Wat werd er afgesproken in het vrijhandelsakkoord?
Het EU-VK-akkoord betekent dat goederen van EU of VK origine niet onderhevig zijn aan importtarieven. De nultarief- en nulquotabepalingen zijn van toepassing op bijna alle goederen die aan de oorsprongsregels voldoen. Tonijn in blik of bepaalde aluminiumproducten zijn voorbeelden van producten waarvoor wel quota gelden. Handelaars kunnen zelf de oorsprong van hun goederen certificeren.
Wat zijn oorsprongregels?
Oorsprongregels geven de nationaliteit van een goed aan. Hiermee wordt bedoeld: het land waar het goed in hoofdzaak werd gefabriceerd of geproduceerd. Ze bepalen aan welke voorwaarden een product moet voldoen opdat het de nationaliteit van dat land krijgt. Er wordt een onderscheid gemaakt tussen niet-preferentiële en preferentiële oorsprong.
Het akkoord tussen het VK en de EU voorziet bilaterale cumulatie en productspecifieke oorsprongregels. Die leggen voor elk product de vereisten vast opdat een goed als ‘van oorsprong’ kan worden beschouwd. Dit gebeurt op basis van een HS-code, een geharmoniseerd systeem voor de omschrijving en codering van goederen, ontwikkeld door de Werelddouaneorganisatie.

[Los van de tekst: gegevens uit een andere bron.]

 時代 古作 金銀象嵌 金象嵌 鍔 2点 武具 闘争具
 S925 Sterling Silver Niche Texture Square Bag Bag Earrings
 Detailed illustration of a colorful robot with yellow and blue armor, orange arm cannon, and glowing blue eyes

> Ontdek meer over oorsprongsregels na Brexit.
|
Wat zijn ‘producten van oorsprong’?
Er zijn twee manieren om een product als ‘van oorsprong’ te beschouwen:
- Volledig verkregen producten: goederen die uitsluitend zijn verkregen of geproduceerd in het ene land, zonder gebruik te maken van materialen uit een ander land. Bijvoorbeeld: groenten gepland en geoogst in West-Vlaanderen zijn van Belgische oorsprong. (Voor meer info, zie artikel ORIG.5 in het VK-EU-akkoord.)
-
Voldoende bewerkte of herwerkte producten: goederen die substantieel getransformeerd zijn in overeenstemming met de relevante productspecifieke regels. Er zijn drie basisregels om te beslissen of goederen voldoende bewerkt zijn:
- de meerwaarderegel: een product wordt ‘voldoende bewerkt’ geacht wanneer de waardestijging van het goed een bepaald niveau bereikt, uitgedrukt in een ‘ad valorem’-percentage (zie opmerking 4 van annex ORIG-1 in het akkoord).

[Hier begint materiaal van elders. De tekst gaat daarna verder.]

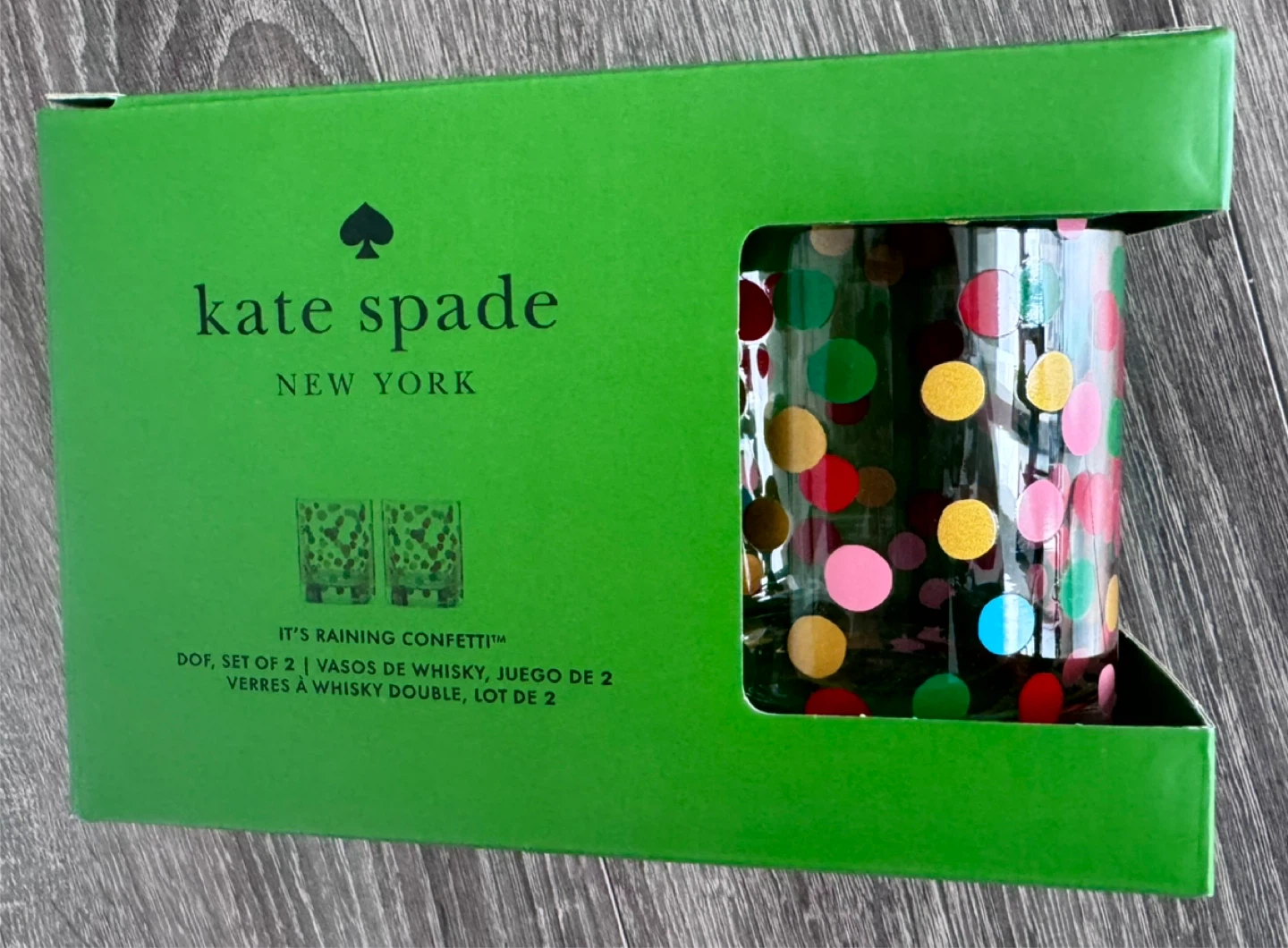 Kate Spade - set of 2 cocktails glasses "It's Raining Confetti"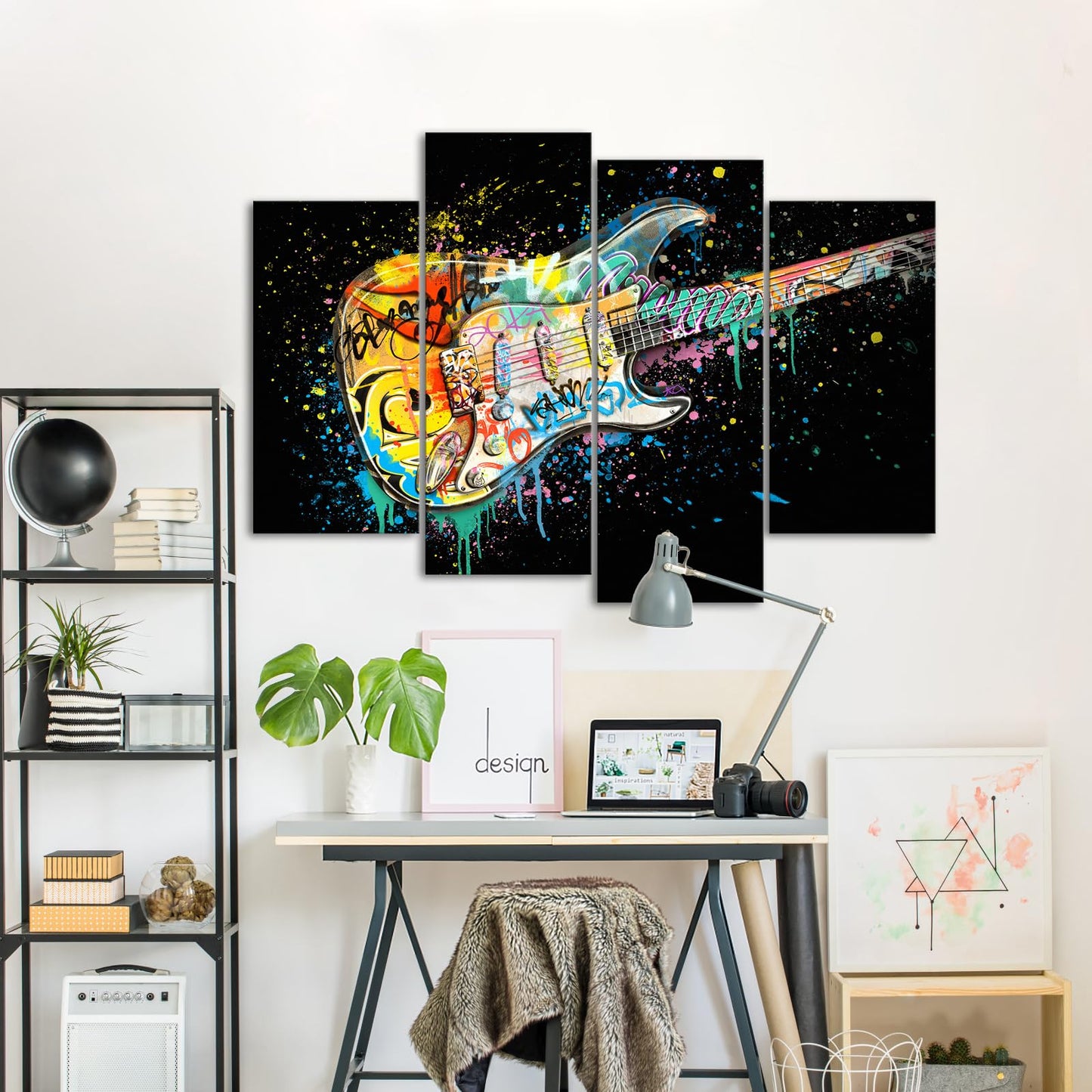 HOMEOART Music Decor Graffiti Guitar Painting Pictures Music Wall Art Framed Artwork Large 4 Pieces (Total is 48x34inch) (Black)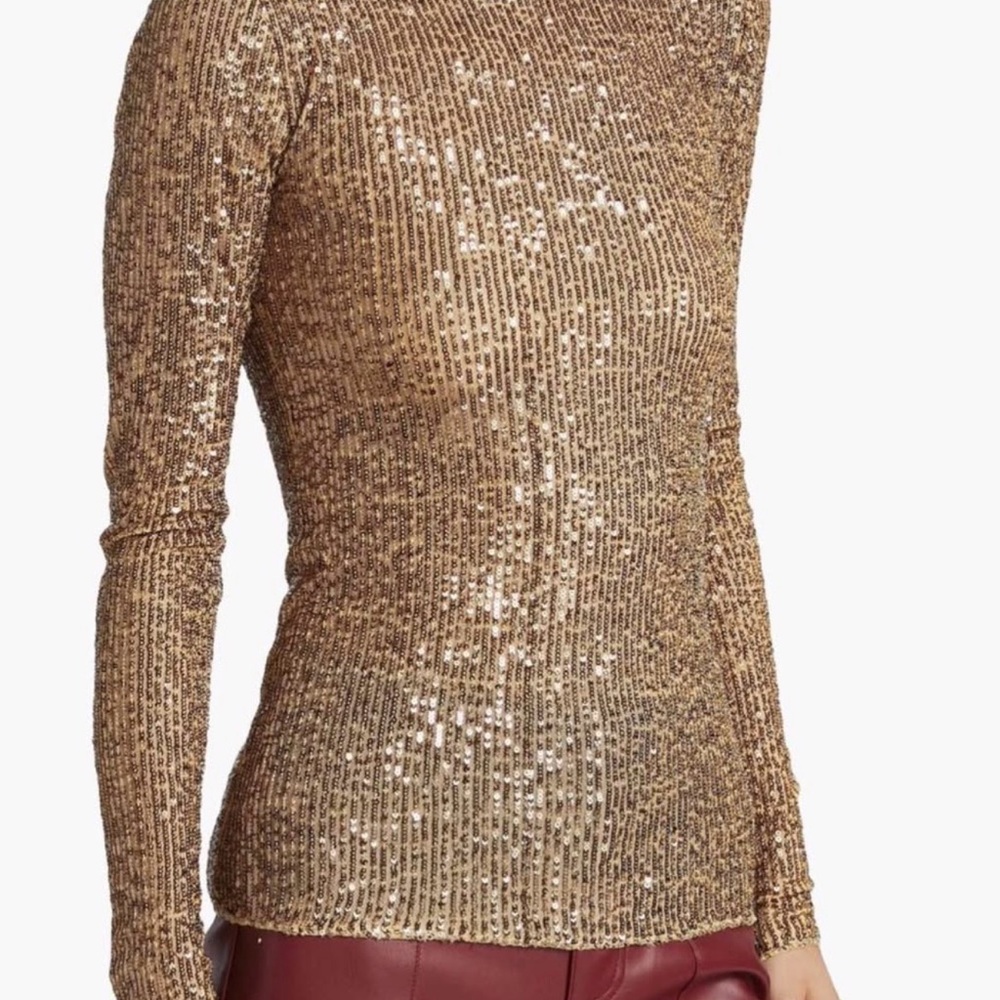 Free people Gold Sequin Long-Sleeve Women's Top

- een wijziging van de tariefindeling: een afwijking van de GS-code van het product brengt eenzelfde wijziging aan de GS-code van de verpakking. Om aan te tonen dat aan de regel is voldaan, moeten bedrijven de GS-code van hun exportproduct kennen alsook alle input en de oorsprong van de input.
-
een substantiële bewerking: voor bepaalde gespecialiseerde industrieën of producten – zoals banden, chemicaliën of kledingstukken – kunnen de regels bepalen dat de bewerking in de vrijhandelszone moet plaatsvinden om het goed als product van oorsprong te kunnen beschouwen.
|
Als u goederen onvoldoende bewerkt of herwerkt in de EU, dan worden deze niet beschouwd als ‘van EU-origine’. Het EU-VK-akkoord bepaalt immers dat ontoereikende bewerkingen of verwerkingen op zich geen oorsprong verlenen (zie artikel ORIG.7 voor voorbeelden). Het volstaat bijvoorbeeld niet om producten die u invoert van buiten de EU te wassen of in te vriezen om EU-preferentiële origine te claimen.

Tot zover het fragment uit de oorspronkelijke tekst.